South Coast artists invited the public to see their studios and art on Aug. 19 and 20. The Open Studio Tour includes Tiverton, Little Compton, R.I., Westport and Dartmouth. Up to 75 artists participate across all 4 towns.
Some visitors travel long distances to view all the different studios, others are locals just interested to see what their neighbors are up to.
“I am noticing lots and lots of visitors from the surrounding [areas], from as far out as far out as Springfield, as far down as Pennsylvania, as far north as Vermont and New Hampshire,” said Robert Abele, a Dartmouth-based painter participating in the open studio tour for his 10th year. “People are coming here as a destination and the South Coast is starting to get a reputation for the creativity it has here.”
Currently, Abele works in Plymouth as a special education art teacher. He finds that all of his students can grow through art.
He started with graffiti to be “cool and tough” as an artist, but as his art has morphed into open-air painting he found graffiti can be used as a tool to teach art.

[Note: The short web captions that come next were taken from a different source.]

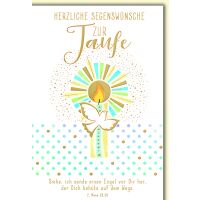 Taufe Glückwunschkarte mit Umschlag gold Kerze Taube...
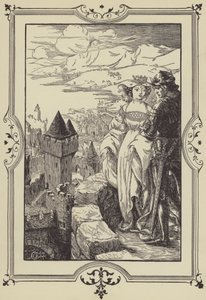 "Annoure brought the King upon the battlements" (litho) 作： Dora Curtis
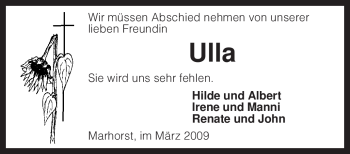 Traueranzeige von Ulla Unbekannt von KREISZEITUNG SYKE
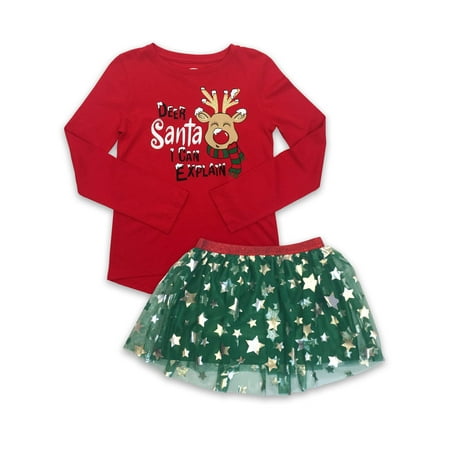 Best Little Girl Christmas Gifts Holiday Christmas High Low T-Shirt & Mesh Tutu Skirt, 2-Piece Outfit Set (Little Girls, Big Girls & Girls' Plus) ()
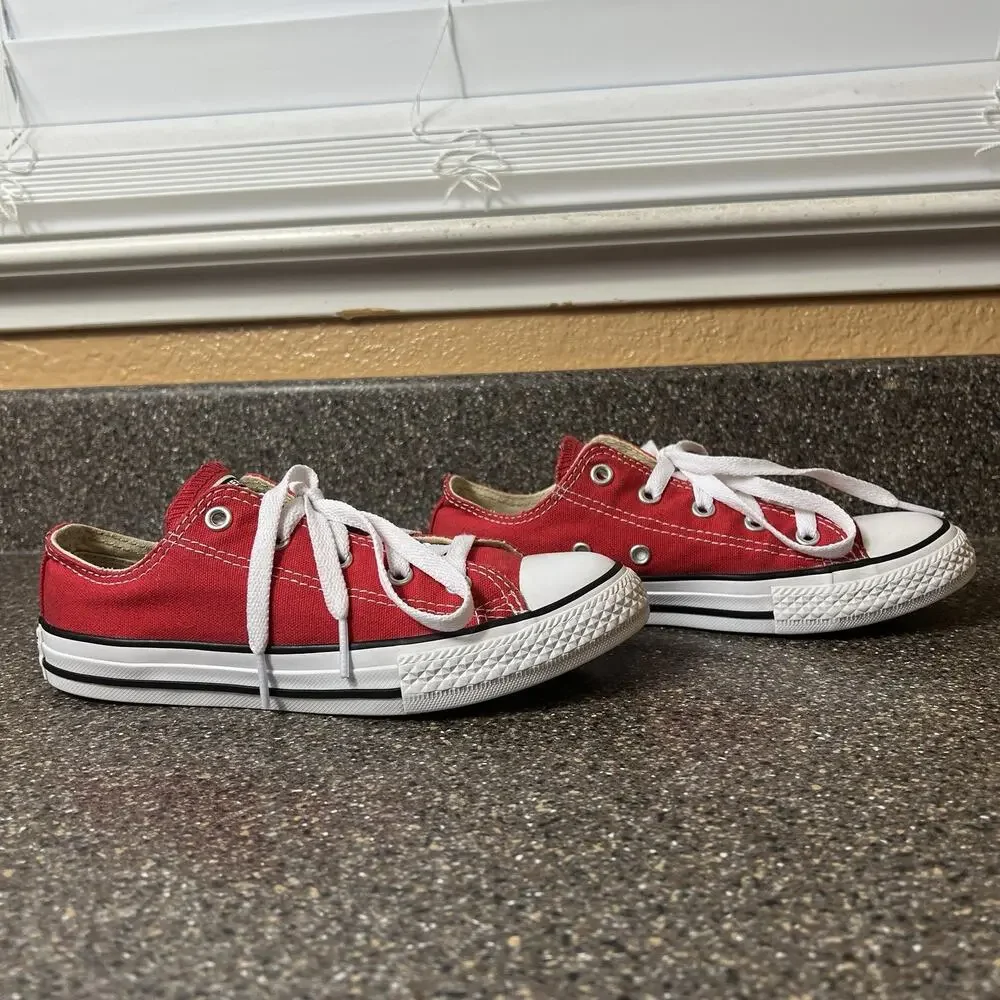 Converse All Star Kids Youth 2 Red Canvas Low Top Lace Up Comfort Casual Sneaker
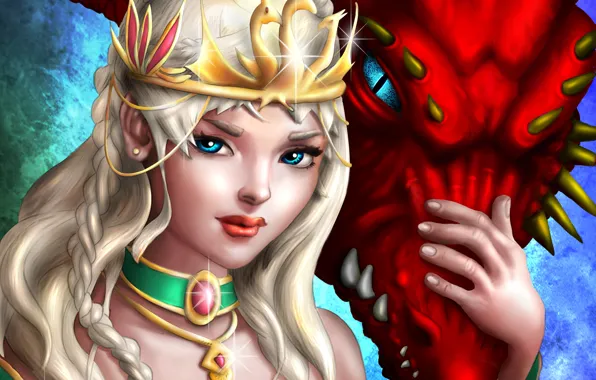 Picture decoration, dragon, crown, art, blonde, braids, Daenerys Targaryen, game of thrones
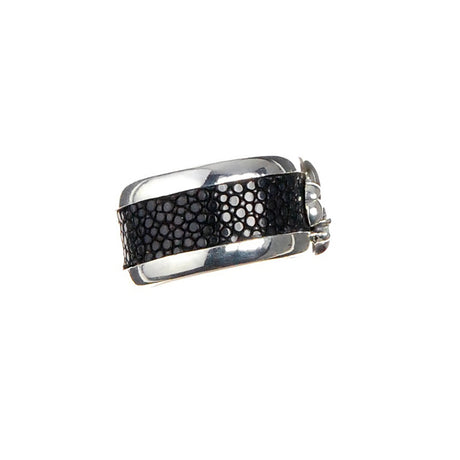 Silver Ring LILY on Searay Leather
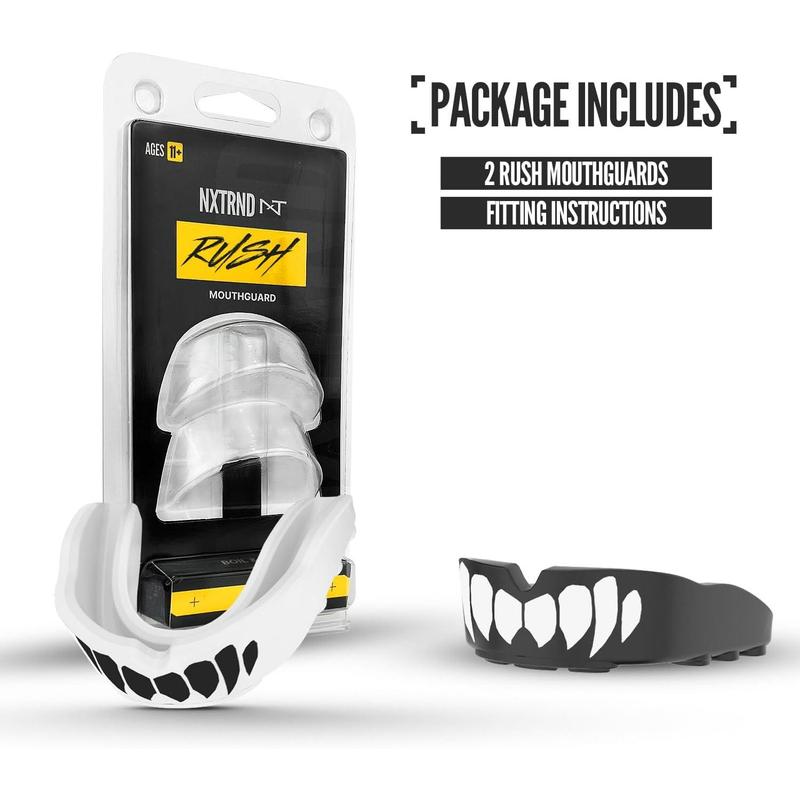 BAOGE-2 Pack Rush Mouth Guard for Boxing and Other Sports (Black & White Fangs)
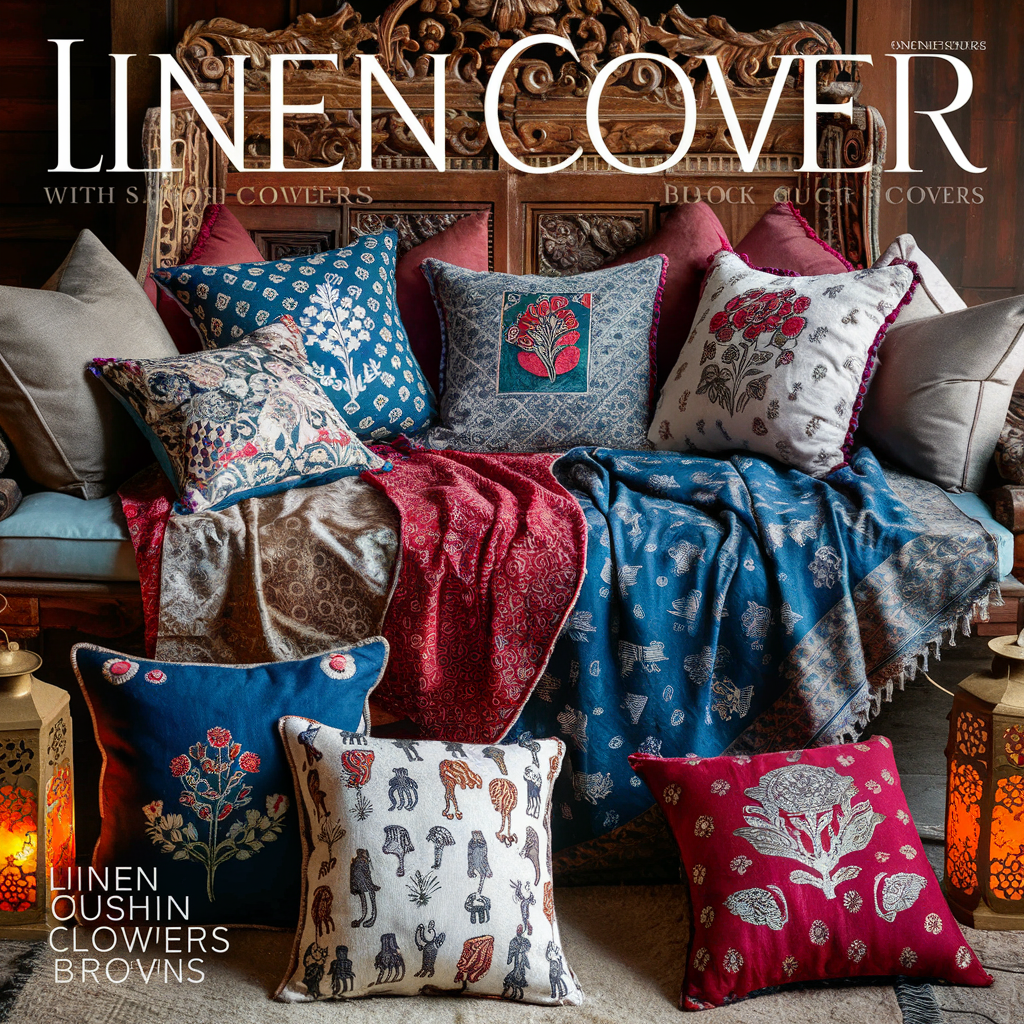 A stunning cover image showcasing a luxurious selection of linen cushion covers adorned with intricate block prints. The cushions feature a variety of patterns, including florals.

“I have realized that it is such an important part of the vehicle I use to teach children now,” Abele said. “I can introduce them to graffiti and I can introduce them to perspective and to color and to value and to so many other areas of art. This is my bridge to get to them.”
His paintings are mainly architecture, painted on the scene.

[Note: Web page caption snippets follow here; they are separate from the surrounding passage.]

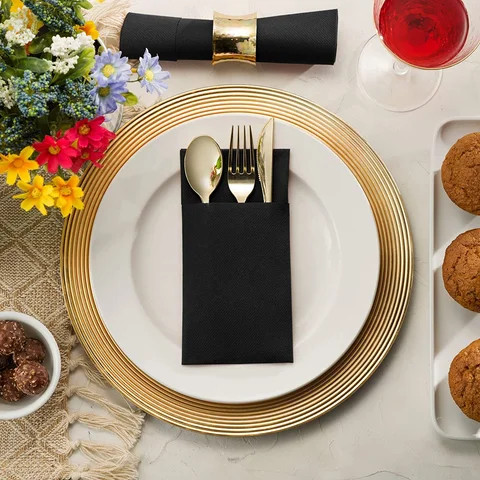 Buy 100 Count Luxury 40*40cm Solid Black Color 1ply Thick Cutlery ...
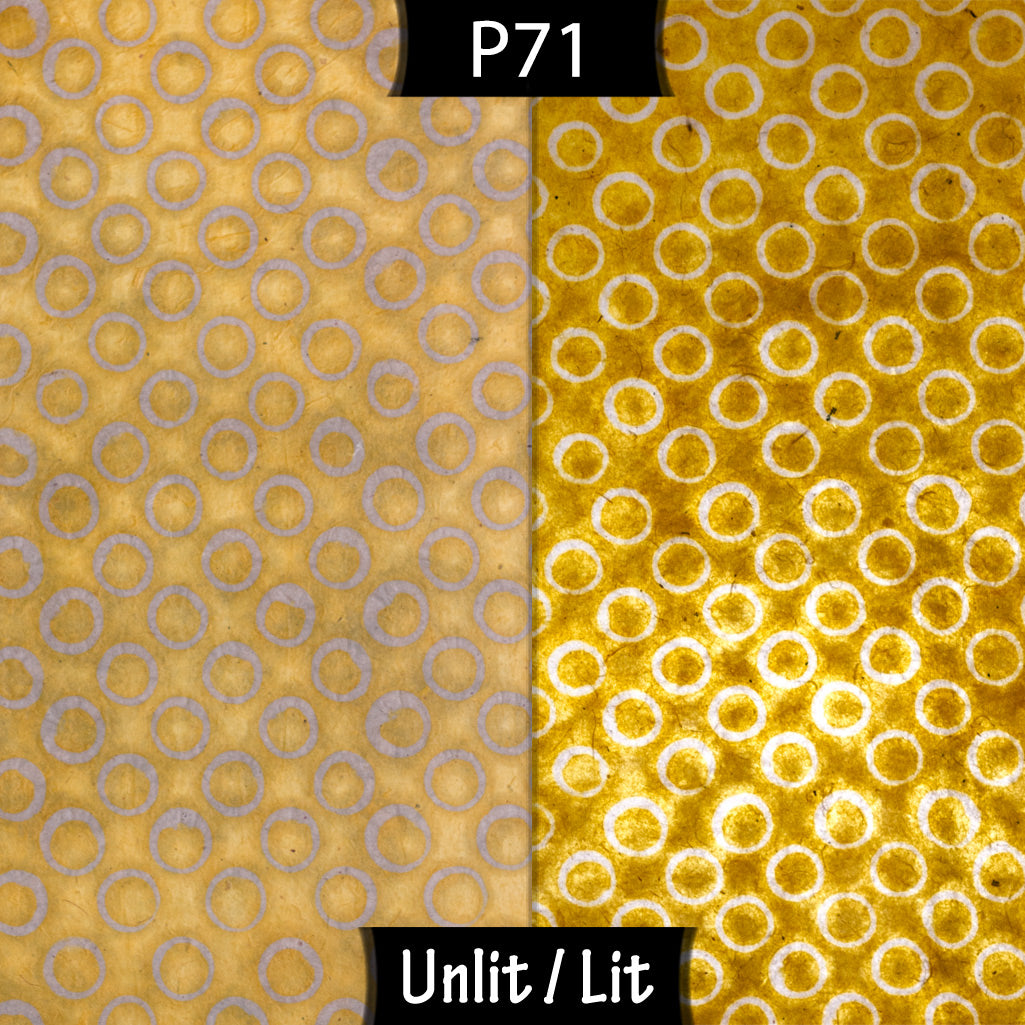Oval Lamp Shade - P71 - Batik Yellow Circles, 30cm(w) x 30cm(h) x 22cm(d) - Imbue Lighting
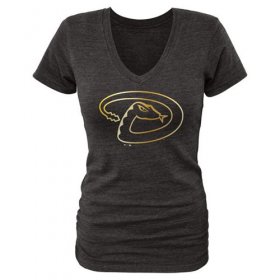 Wholesale Cheap Women\'s Arizona Diamondbacks Fanatics Apparel Gold Collection V-Neck Tri-Blend T-Shirt Black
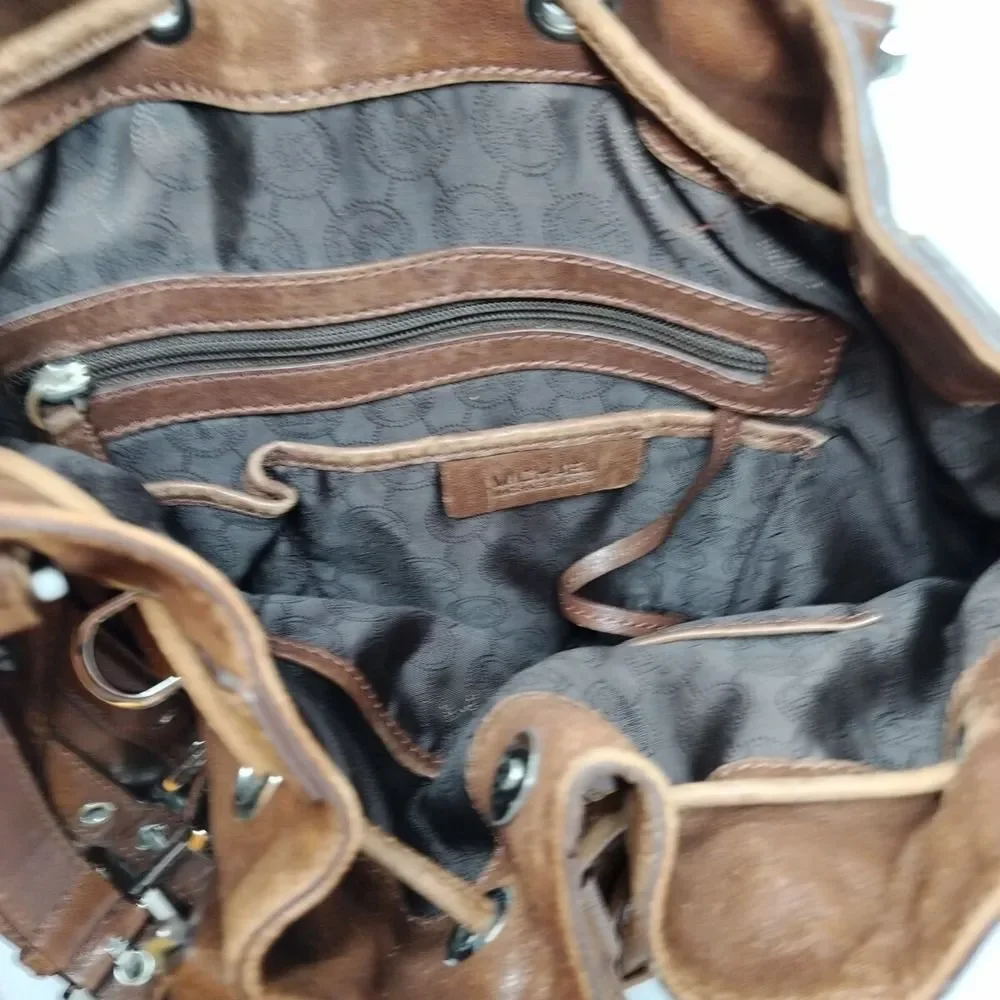 Michael Kors Leather Tote Hobo Shoulder Bag Distressed Look Large Bucket Buckle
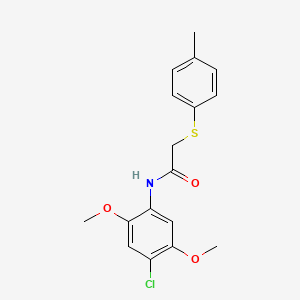 N-(4-chloro-2,5-dimethoxyphenyl)-2-[(4-methylphenyl)sulfanyl]acetamide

Another stop on the tour is Marianne Boucher’s Vintage Barn Studio in Dartmouth. Unlike Abele, she paints mainly from photos taken by her husband Mike.

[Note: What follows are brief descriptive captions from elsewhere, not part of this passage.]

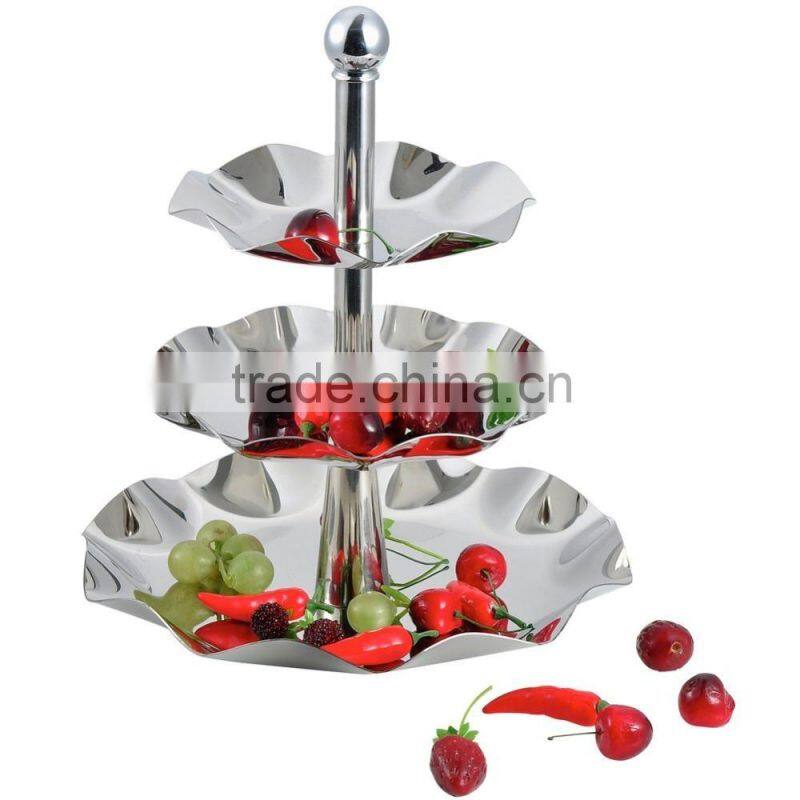 3 Tier Stainless Steel Flower Shape Cake Stand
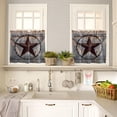 thumbnail image 5 of Kitchen Curtains and Valances Set, 3 Pieces Rod Pocket Tier Curtains Farm Country Star on Wooden Door Small Window Valance Sets Treatment Drapes Rural Wood Barn, 5 of 6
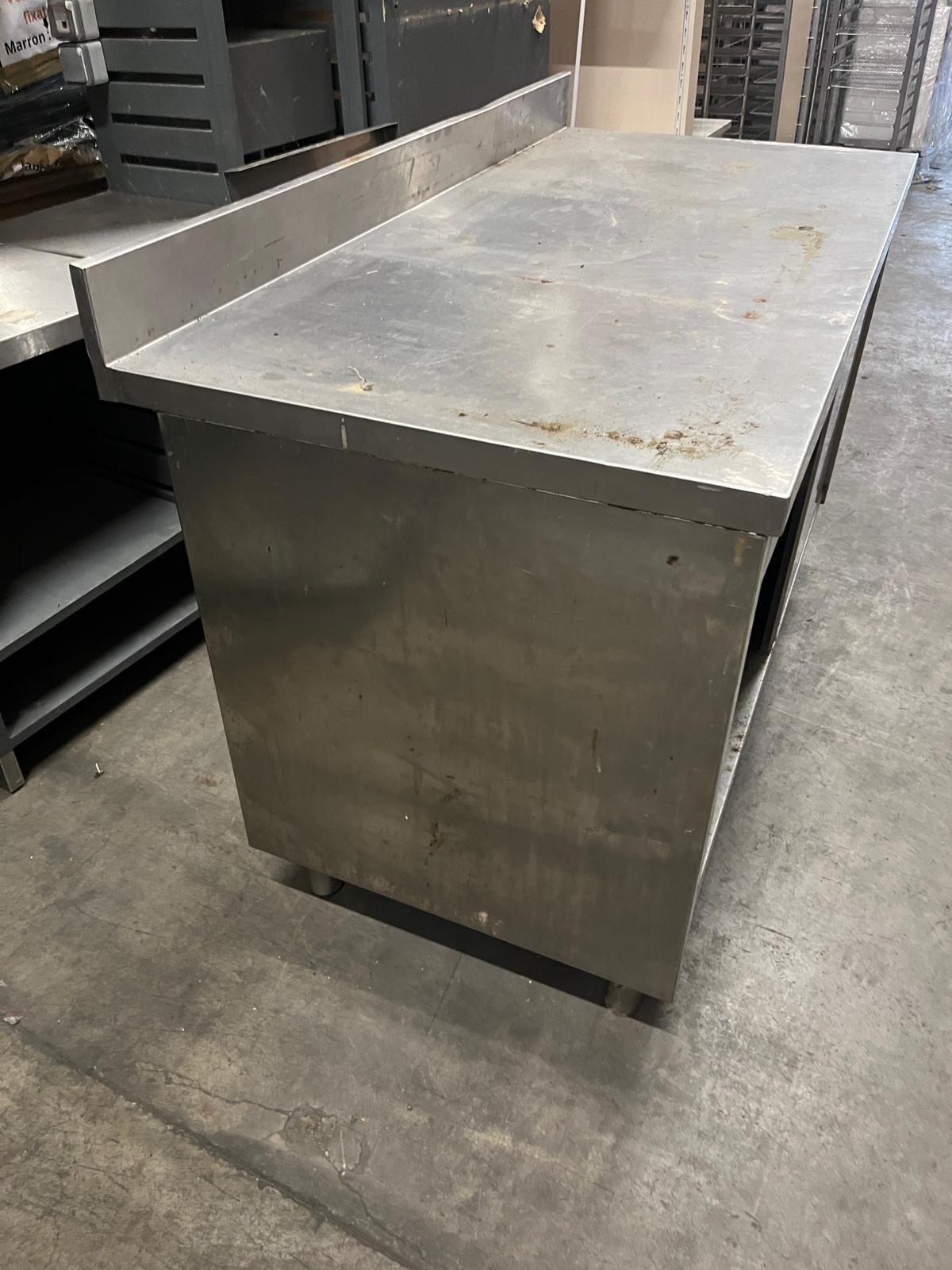 Meuble bas Inox avec dosseret L 140 cm – Image 4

“I will go through [Mike’s] pictures and see something that I like, I'll take it and do a painting of it,” Boucher said.
The former cow barn is now lined with paintings of cows, local landscapes and other scenic images taken by her husband.
“She’s got the hardest parts, it’s easy to take the picture,” Mike said. “I do maybe one percent, she does the other 99.”
Melynda Schudrich brings nature into her small vessel glass-blowing creations. She says people love her mushroom pendants which encapsulate a tiny glass mushroom that she makes in her at-home studio.
“Mushrooms are super popular, a lot of people when they look at them think it is a real mushroom in there,” said Schudrich.
She also makes larger fused glass projects, including platters that show houses close to each other, which she says are inspired by New Bedford.
Dartmouth native Susan Cabral finds her inspiration closer to her South Dartmouth home.
“I just happened to fall in love with boats,” she said about her work. “The colors, the reflection in the water. I just absolutely love them.”
Cabral got her start painting as a child with support and encouragement from her father.
“My dad couldn’t afford paintings, but he loved art,” she said. “So, bought me anything I needed if I painted anything he wanted.”
Cabral mostly paints from photographs that she takes or takes inspiration from. Currently, her art is featured in three galleries: River Shops Gallery in Mattapoisett, Norton Gallery in Padanaram and Louisagould Gallery in Martha's Vineyard.
“You can do anything you really love, you can do anything,” said Cabral. “You just have to work a little harder and really be invested.”